* _Problem description_: Print out each entry below in full, exactly as given, excluding pictures.

Caption-style text data:
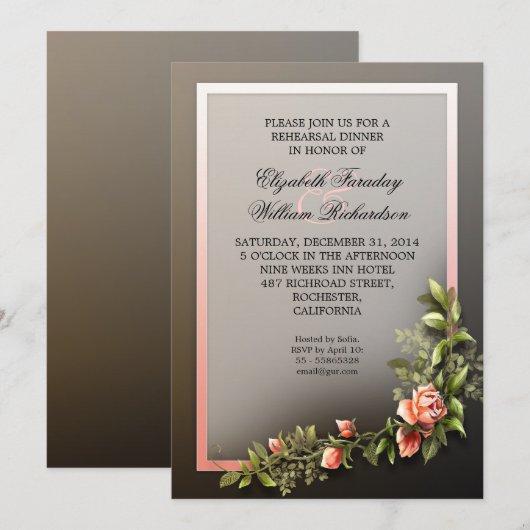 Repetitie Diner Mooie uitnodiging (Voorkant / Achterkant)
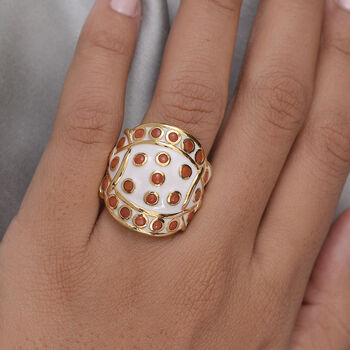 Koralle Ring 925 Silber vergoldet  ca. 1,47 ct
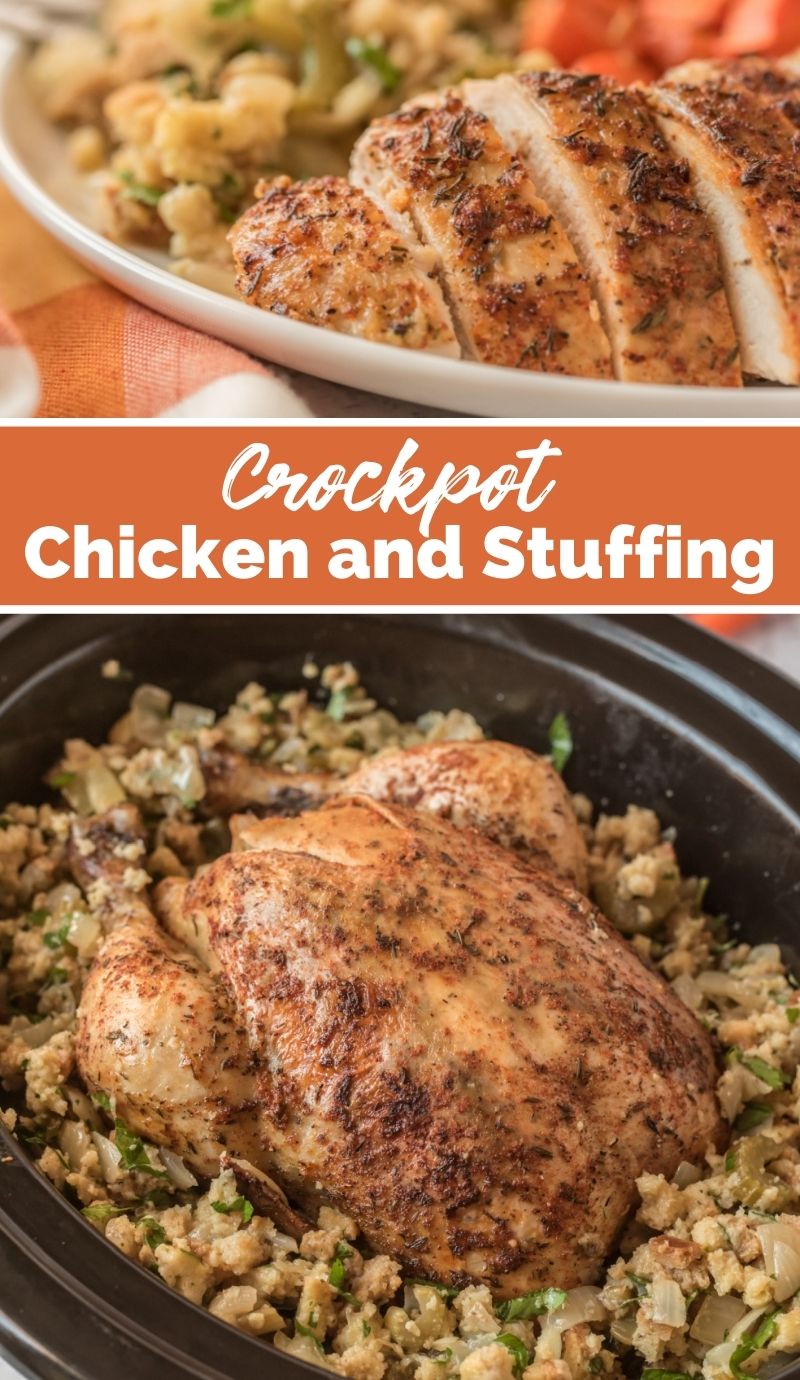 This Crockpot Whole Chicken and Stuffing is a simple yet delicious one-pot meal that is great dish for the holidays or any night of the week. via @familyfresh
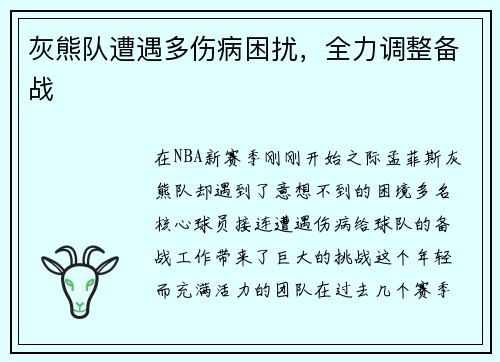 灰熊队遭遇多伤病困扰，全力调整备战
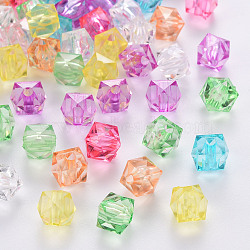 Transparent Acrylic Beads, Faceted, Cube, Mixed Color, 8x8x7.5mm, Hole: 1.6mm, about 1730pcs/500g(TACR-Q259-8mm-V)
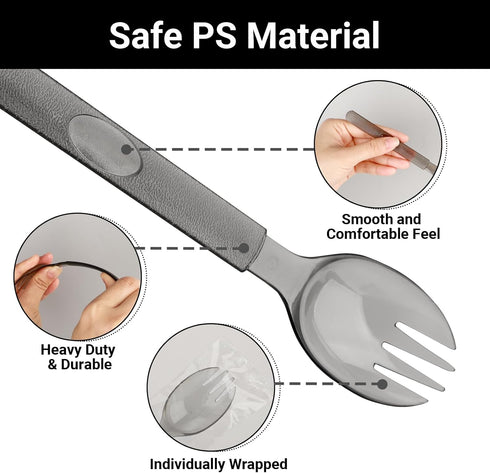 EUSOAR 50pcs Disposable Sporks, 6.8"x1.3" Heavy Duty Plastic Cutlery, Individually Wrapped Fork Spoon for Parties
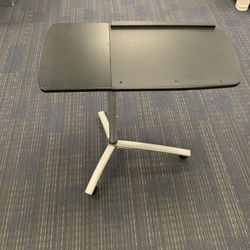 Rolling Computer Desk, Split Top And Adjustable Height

* _Task output_:
 Repetitie Diner Mooie uitnodiging (Voorkant / Achterkant)
 Koralle Ring 925 Silber vergoldet  ca. 1,47 ct
 This Crockpot Whole Chicken and Stuffing is a simple yet delicious one-pot meal that is great dish for the holidays or any night of the week. via @familyfresh
 灰熊队遭遇多伤病困扰，全力调整备战
 Transparent Acrylic Beads, Faceted, Cube, Mixed Color, 8x8x7.5mm, Hole: 1.6mm, about 1730pcs/500g(TACR-Q259-8mm-V)
 EUSOAR 50pcs Disposable Sporks, 6.8"x1.3" Heavy Duty Plastic Cutlery, Individually Wrapped Fork Spoon for Parties
 Rolling Computer Desk, Split Top And Adjustable Height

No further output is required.